A narrativa também peca em outros momentos: alguns personagens além de Johnny tomam atitudes sem embasamento narrativo e mudanças bruscas acontecem sem muita explicação. Existe uma longa cena que parece bastante desconexa do resto do filme, pois parte do ponto de vista de um personagem que foi introduzido apenas na segunda metade da história, quando até aquele ponto (e depois) acompanhamos todo o resto da narrativa através do protagonista. Provavelmente tal cena foi inserida para demonstrar a índole do personagem em questão, algo totalmente desnecessário, pois seu caráter se torna bastante perceptível ao decorrer dos acontecimentos restantes. “Na Hora da Zona Morta” quebra a estrutura narrativa comum, mas não necessariamente para o bem da obra como um todo: ela tem a mesma sensação de uma série de TV onde em cada episódio o personagem principal trata de casos isolados, com uma trama não muito forte que permeia entre eles.

O filme tem seus méritos, um deles sendo a boa atmosfera que é construída, principalmente pela ótima trilha sonora de Michael Kamen, uma das melhores partes do filme e que complementa muito bem o tom da história, assim como a cinematografia de Mark Irwin, onde predominam os tons frios. Johnny está quase sempre de preto enquanto outros personagens raramente usam a cor nos seus figurinos, para assim demonstrar visualmente como ele é diferente das outras pessoas.

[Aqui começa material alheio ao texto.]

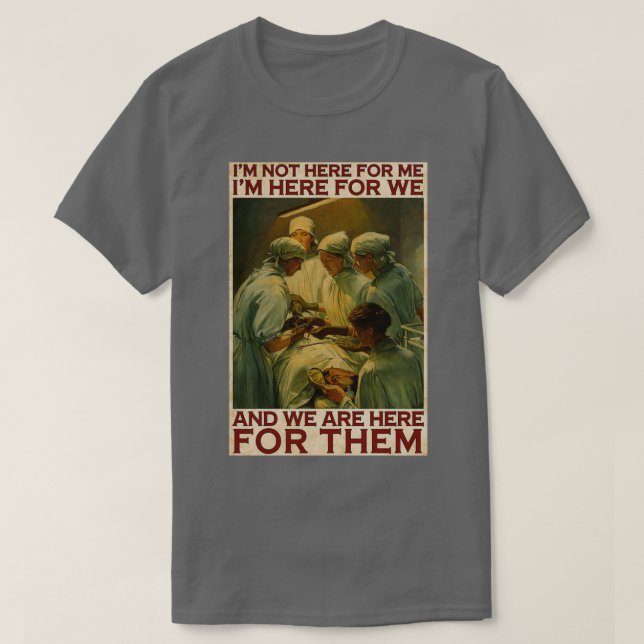 Surgeon Physician We are Here for Them T-Shirt (Design vorne)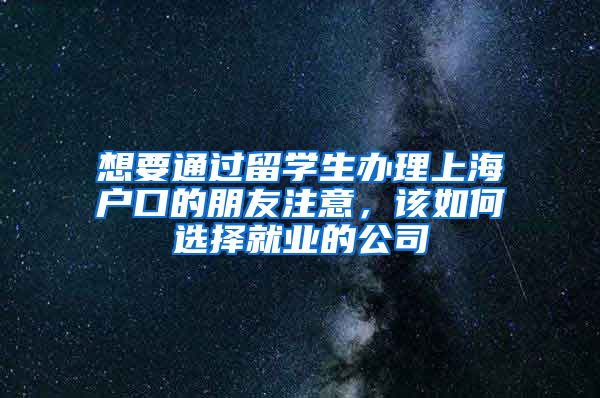 想要通过留学生办理上海户口的朋友注意，该如何选择就业的公司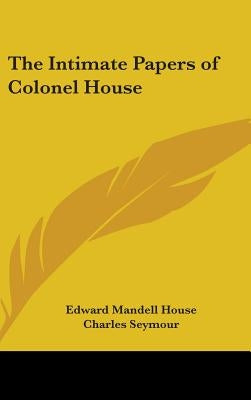The Intimate Papers of Colonel House by House, Edward Mandell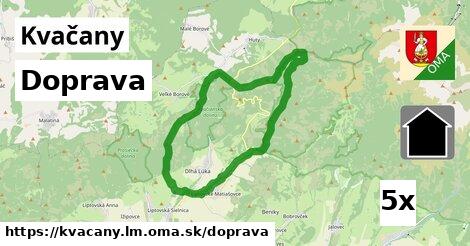 doprava v Kvačany, okres LM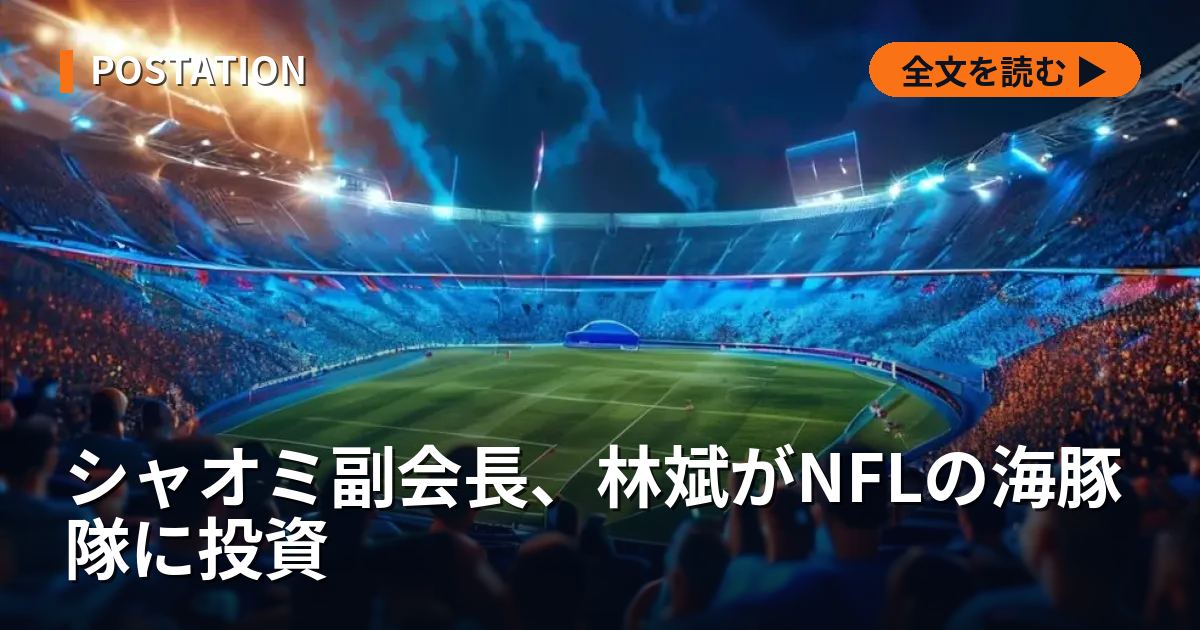 シャオミ副会長、林斌がNFLの海豚隊に投資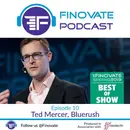 Episode 10: Ted Mercer, Bluerush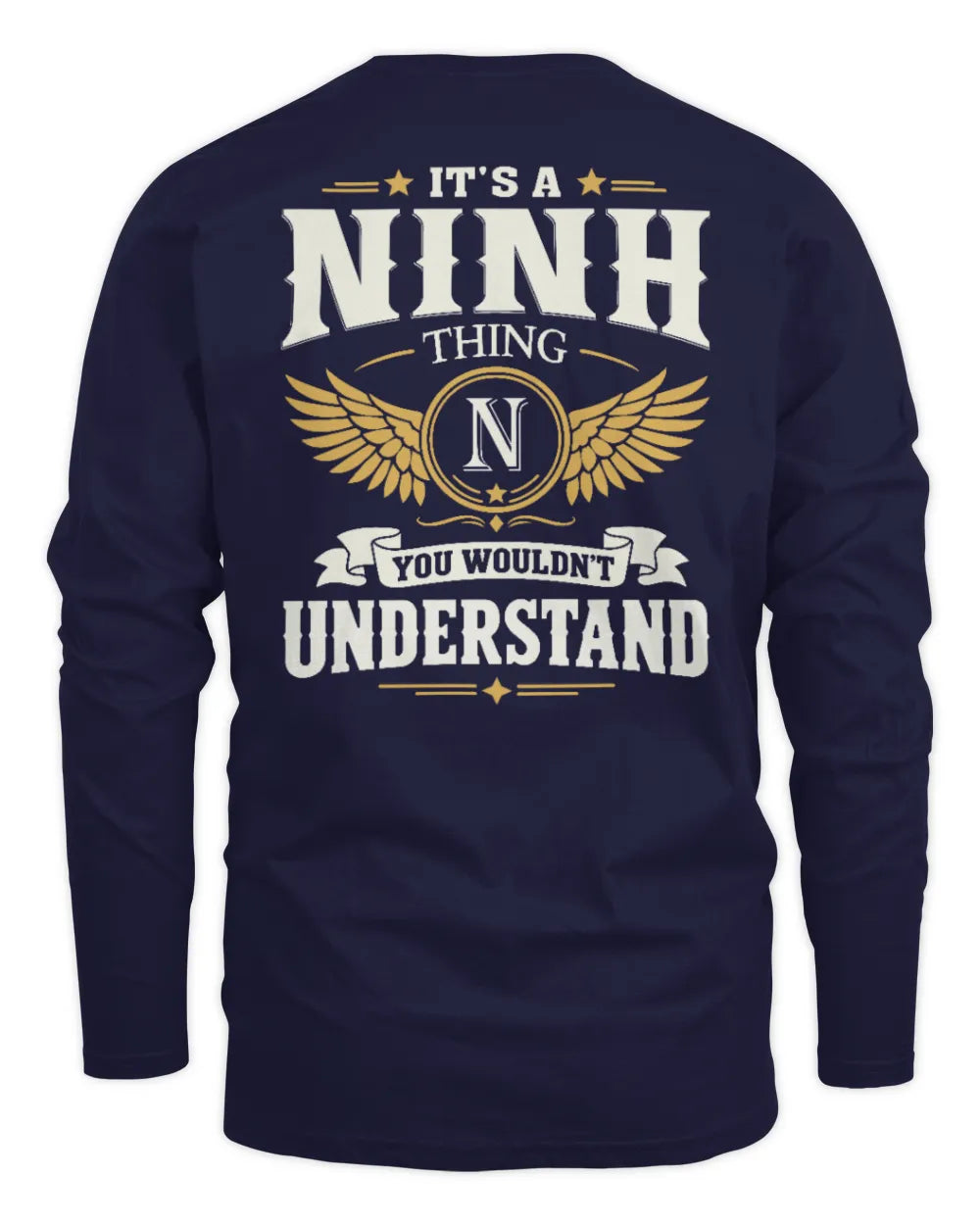NINH KT06-M008 It’s a [NAME] Thing – You Wouldn’t Understand | Personalized Vintage T-Shirt - Men's Long Sleeved T-Shirt - Navy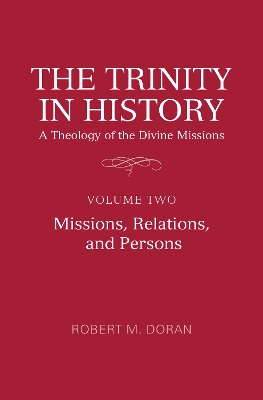 The Trinity in History: A Theology of the Divine Missions: Volume Two: Missions, Relations, and Persons book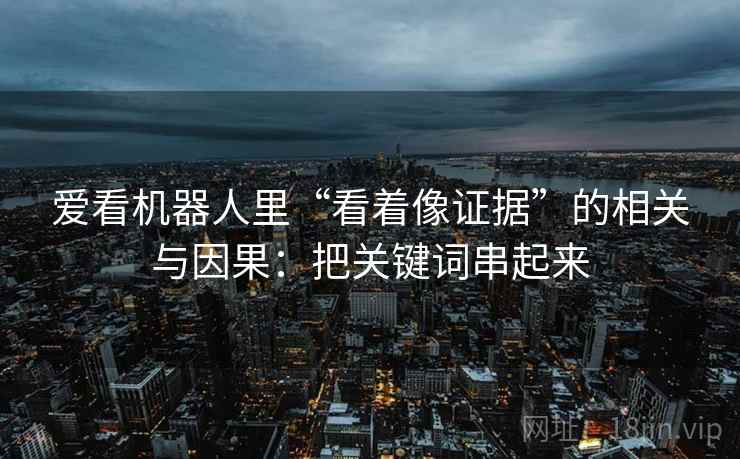 爱看机器人里“看着像证据”的相关与因果：把关键词串起来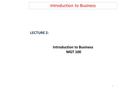 Introduction to Business LECTURE 2: Introduction to Business MGT 100 1.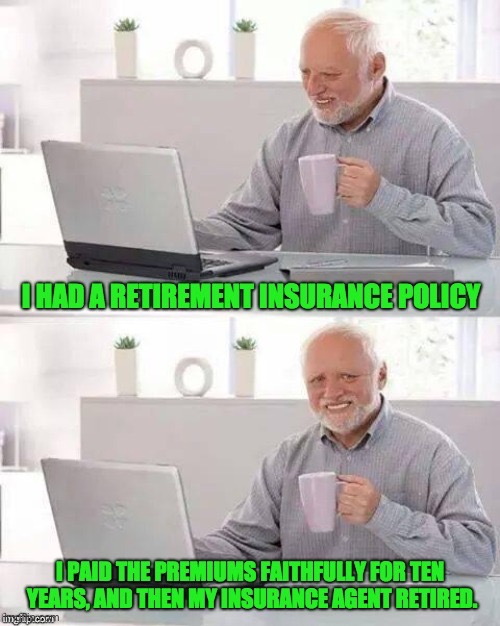 Retirement | image tagged in dad joke | made w/ Imgflip meme maker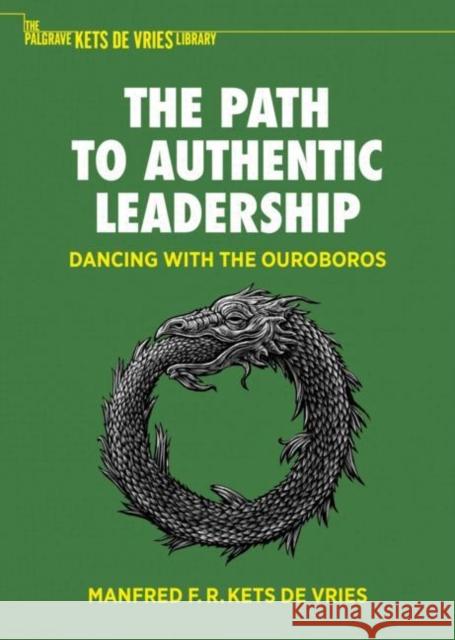 The Path to Authentic Leadership: Dancing with the Ouroboros Manfred F. R. Kets de Vries 9783031046988 Springer International Publishing AG - książka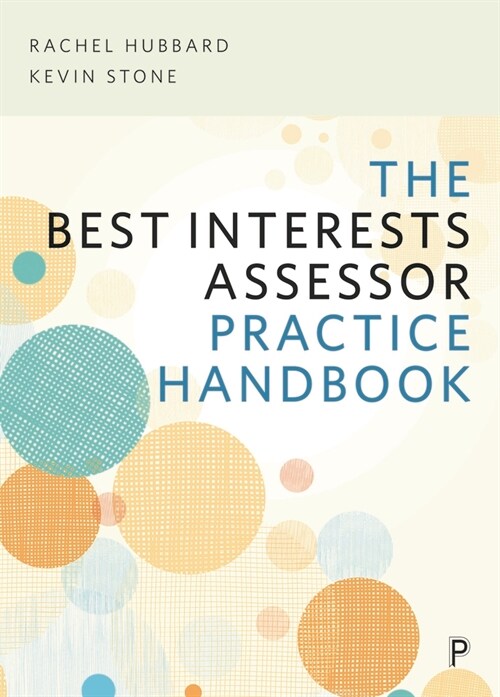The Best Interests Assessor Practice Handbook : Second edition (Paperback, Second Edition)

Além disso, bons dilemas morais são apresentados, podendo fazer a audiência refletir sobre como agiriam se estivessem em tais situações. David Cronenberg (“A Mosca”), diretor do longa, soube muito bem trabalhar esses aspectos positivos no que é considerado por muitos o seu filme mais acessível. No entanto, com um vilão bastante previsível e um clímax que não conversa bem com o resto da história, “Na Hora da Zona Morta” talvez não seja uma obra essencial para quem quiser conhecer mais as adaptações do mestre do horror para o cinema.